Paper Structure (35 sections, 3 equations, 5 figures, 28 tables, 2 algorithms)

This paper contains 35 sections, 3 equations, 5 figures, 28 tables, 2 algorithms.

Figures (5)

  • Figure 1: An example of our seed corpus reduction. We formulate the corpus reduction as a set cover problem. The seed corpus with redundant seeds (6 seeds) is reduced into a distilled corpus (3 seeds). The distilled corpus preserves all feature coverage (4 colors) with minimal redundancy. Each vertical bar represents a seed and each colored block indicates a unique feature covered by the seeds.
  • Figure 2: Diversity comparison between Deterministic and Randomized Corpus Reduction algorithms.

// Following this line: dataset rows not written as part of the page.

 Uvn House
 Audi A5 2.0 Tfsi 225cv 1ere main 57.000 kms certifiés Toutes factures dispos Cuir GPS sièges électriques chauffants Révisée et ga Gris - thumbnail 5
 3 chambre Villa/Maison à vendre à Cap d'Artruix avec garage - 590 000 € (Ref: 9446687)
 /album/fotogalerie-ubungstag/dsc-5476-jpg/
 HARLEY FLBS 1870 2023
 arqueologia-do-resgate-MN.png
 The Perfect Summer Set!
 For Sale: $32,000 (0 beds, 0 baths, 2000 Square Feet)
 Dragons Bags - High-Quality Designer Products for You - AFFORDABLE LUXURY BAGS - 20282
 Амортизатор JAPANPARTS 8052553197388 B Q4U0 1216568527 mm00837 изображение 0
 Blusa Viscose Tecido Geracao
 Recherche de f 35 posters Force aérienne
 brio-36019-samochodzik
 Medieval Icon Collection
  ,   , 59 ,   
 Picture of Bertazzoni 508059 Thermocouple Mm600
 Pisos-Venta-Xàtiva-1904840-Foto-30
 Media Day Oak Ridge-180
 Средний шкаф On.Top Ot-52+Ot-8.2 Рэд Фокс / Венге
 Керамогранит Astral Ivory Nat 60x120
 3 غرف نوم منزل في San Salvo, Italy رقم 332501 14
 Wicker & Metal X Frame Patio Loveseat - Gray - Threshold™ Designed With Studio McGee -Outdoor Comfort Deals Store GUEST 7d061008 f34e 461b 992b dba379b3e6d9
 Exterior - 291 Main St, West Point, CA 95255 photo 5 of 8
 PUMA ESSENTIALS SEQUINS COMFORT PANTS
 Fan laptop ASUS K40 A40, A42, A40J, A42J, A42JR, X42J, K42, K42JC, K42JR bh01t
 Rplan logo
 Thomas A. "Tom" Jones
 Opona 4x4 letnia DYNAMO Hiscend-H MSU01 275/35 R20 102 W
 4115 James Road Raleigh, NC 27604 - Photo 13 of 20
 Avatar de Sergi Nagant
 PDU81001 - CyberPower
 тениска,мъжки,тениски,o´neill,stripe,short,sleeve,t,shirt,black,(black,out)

We demonstrate the selection results from a seed corpus of 6 seeds using different reduction algorithms. Deterministic Corpus Reduction algorithms, i.e., MinSet, AFL-Cmin, and cull_queue (left) consistently select the same three seeds (1, 2, 3) across multiple runs, while our Randomized Set Cover algorithm (right) produces diverse selections: seeds (1, 2, 3) in the first run, seeds (4, 5, 6) in the second run, and seeds (1, 2, 4) in the third run. Each numbered circle represents a seed.
  • Figure 3: Cumulative frequency distributions of seeds for RandSet against other four baselines on FuzzBench programs over a 24-hour fuzzing campaign. The x-axis represents the seed ID sorted in descending order by frequency, the y-axis indicates the cumulative probability of seed selection.
  • Figure 4: Cumulative frequency distributions of seeds for RandSet against other four baselines on standalone programs over a 24-hour fuzzing campaign. The x-axis represents the seed ID sorted in descending order by frequency, the y-axis indicates the cumulative probability of seed selection.
  • Figure 5: Cumulative frequency distributions of seeds for RandSet against other three variants on FuzzBench programs over a 1-hour fuzzing campaign. The x-axis represents the seed ID sorted in descending order by frequency, the y-axis indicates the cumulative probability of seed selection.